▶ **HOW TO COMPLETE THIS TASK**:
For the data below, retype word for word the lines from the one containing "Luis Zubeldía, técnico do Sao Paulo" through the one containing "Trinidad og Tobago"; drop the pictures.

▶ **AVAILABLE DATA**:
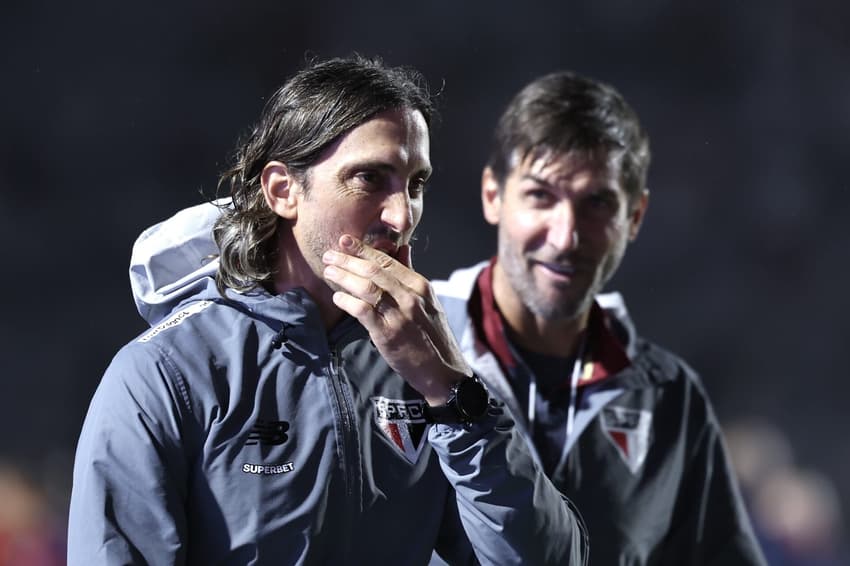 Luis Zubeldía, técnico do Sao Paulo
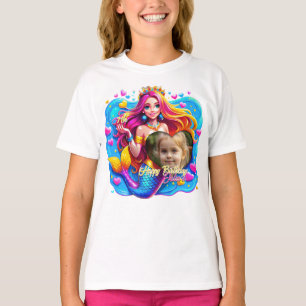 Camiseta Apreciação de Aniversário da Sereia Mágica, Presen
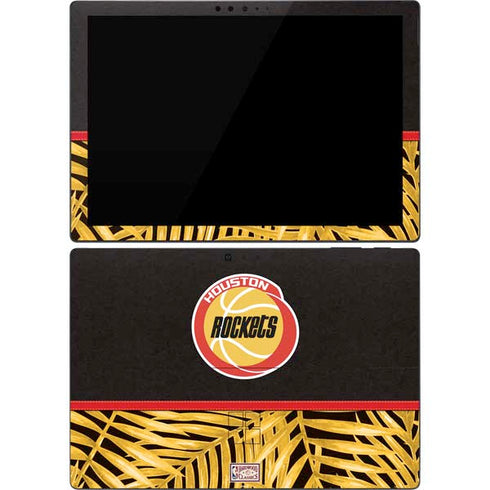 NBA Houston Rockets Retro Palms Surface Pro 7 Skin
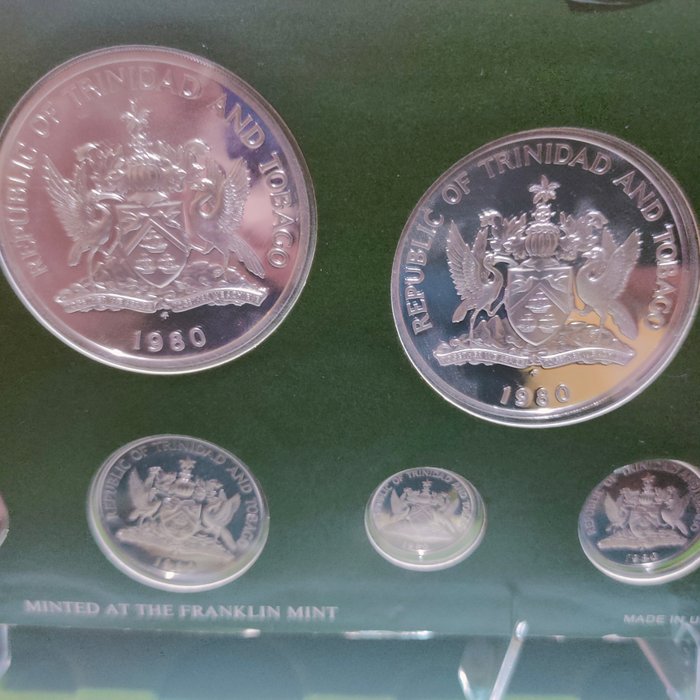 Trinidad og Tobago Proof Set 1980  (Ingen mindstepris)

* * *

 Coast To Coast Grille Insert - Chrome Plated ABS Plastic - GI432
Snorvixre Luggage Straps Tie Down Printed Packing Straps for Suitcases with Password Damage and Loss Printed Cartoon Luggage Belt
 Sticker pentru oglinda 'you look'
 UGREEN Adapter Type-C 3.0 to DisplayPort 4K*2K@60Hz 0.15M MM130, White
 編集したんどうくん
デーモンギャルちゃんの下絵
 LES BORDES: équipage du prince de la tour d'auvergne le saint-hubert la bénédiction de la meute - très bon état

---

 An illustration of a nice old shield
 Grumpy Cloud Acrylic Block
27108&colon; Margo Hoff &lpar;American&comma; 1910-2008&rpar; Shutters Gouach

▶ **WORKED SOLUTION**:
 Luis Zubeldía, técnico do Sao Paulo
 Camiseta Apreciação de Aniversário da Sereia Mágica, Presen
 NBA Houston Rockets Retro Palms Surface Pro 7 Skin
 Trinidad og Tobago Proof Set 1980  (Ingen mindstepris)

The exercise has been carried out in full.